**Material shown**
------------------------------------------------------------
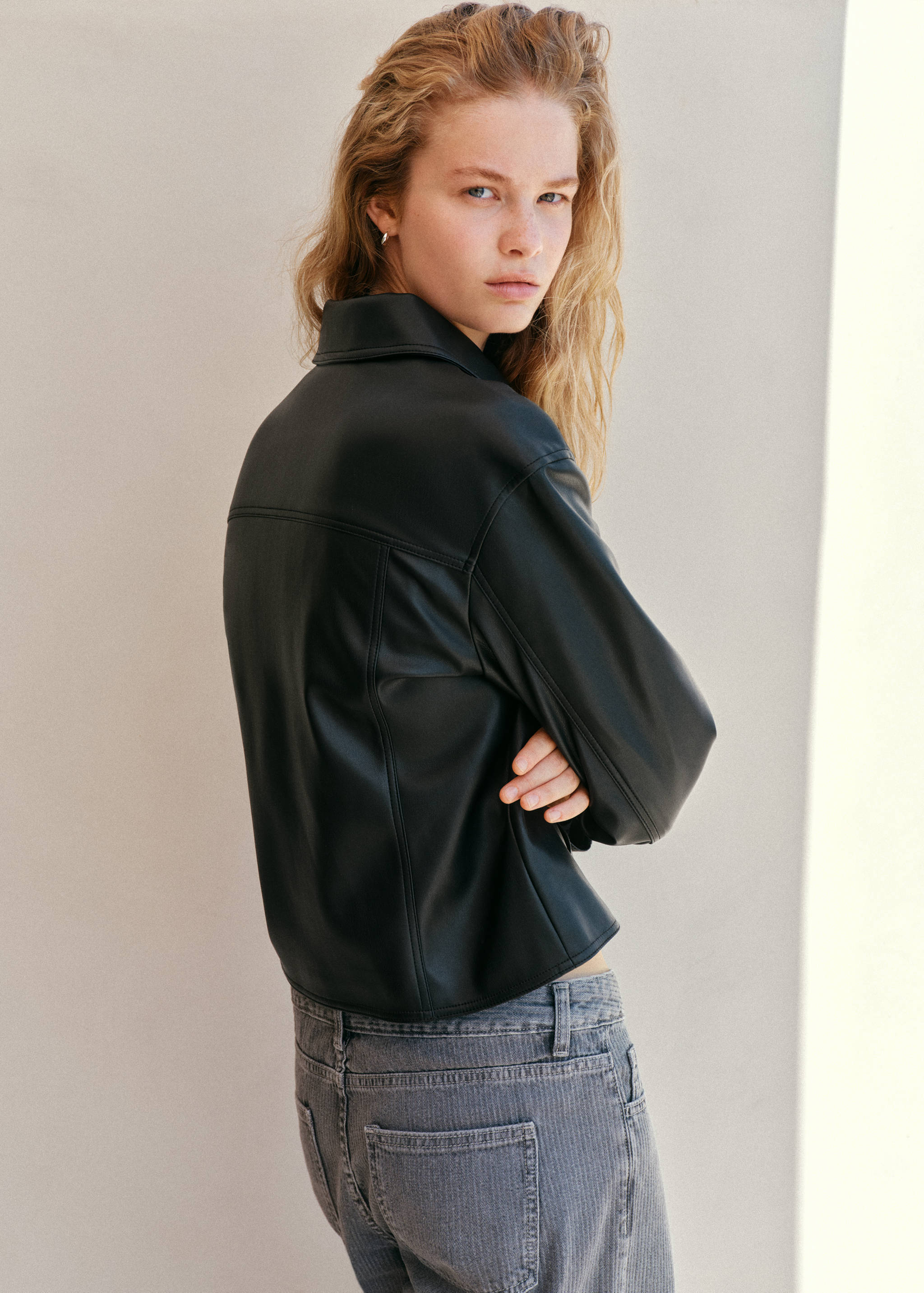 Faux leather zip-up jacket - Reverse of the article
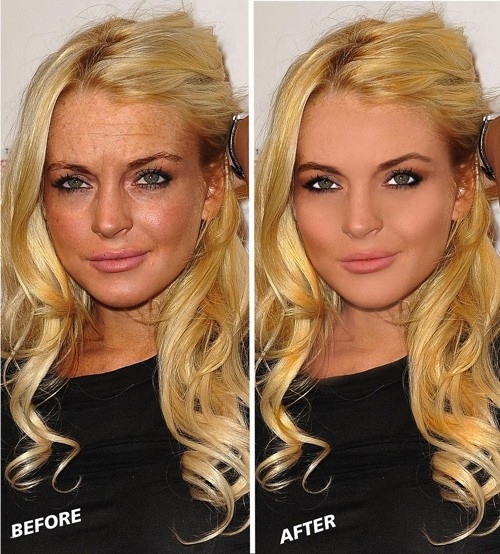 Lindsay Lohan Before & After Photoshop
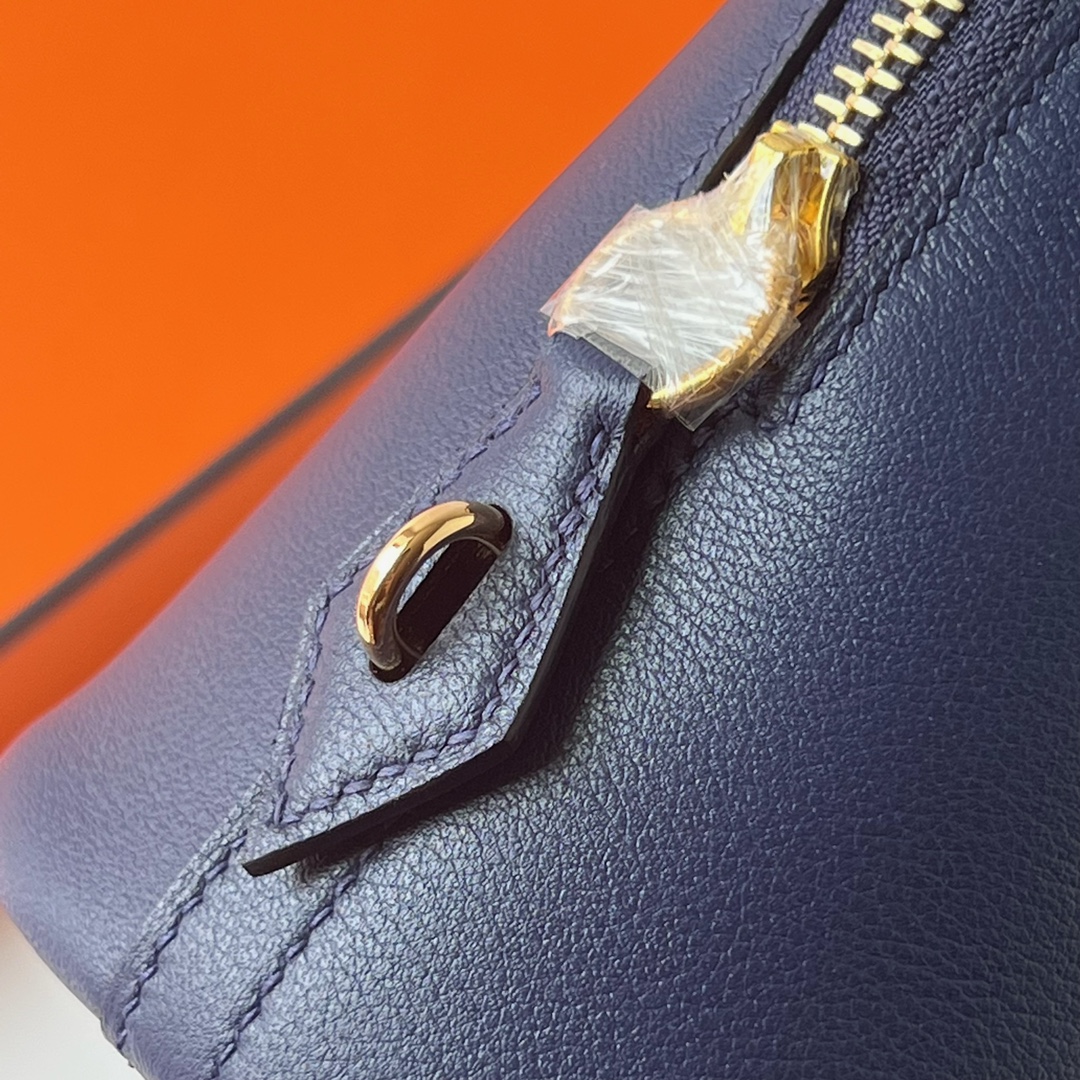 Bolide 25cm Evercolor 73 sapphire blue inner spelled i7 glazed blue gold buckle fully handmade wax stitching Ghw customized✈️ - Image 6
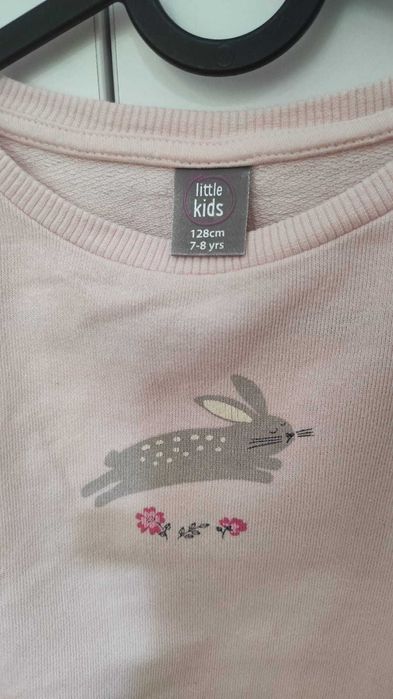 Bluza delicata roz pastel cu aripioare tulle,  fete 122-128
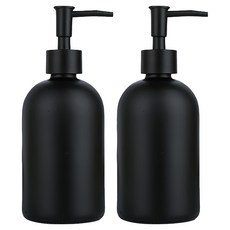 AHOYE 410ml 按壓式玻璃分裝瓶, 黑色, 2個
------------------------------------------------------------
**Exercise aim**
Output the whole listing without change. Any picture is to be left out.

**Result below**
 Faux leather zip-up jacket - Reverse of the article
 Lindsay Lohan Before & After Photoshop
 Bolide 25cm Evercolor 73 sapphire blue inner spelled i7 glazed blue gold buckle fully handmade wax stitching Ghw customized✈️ - Image 6
 Bluza delicata roz pastel cu aripioare tulle,  fete 122-128
 AHOYE 410ml 按壓式玻璃分裝瓶, 黑色, 2個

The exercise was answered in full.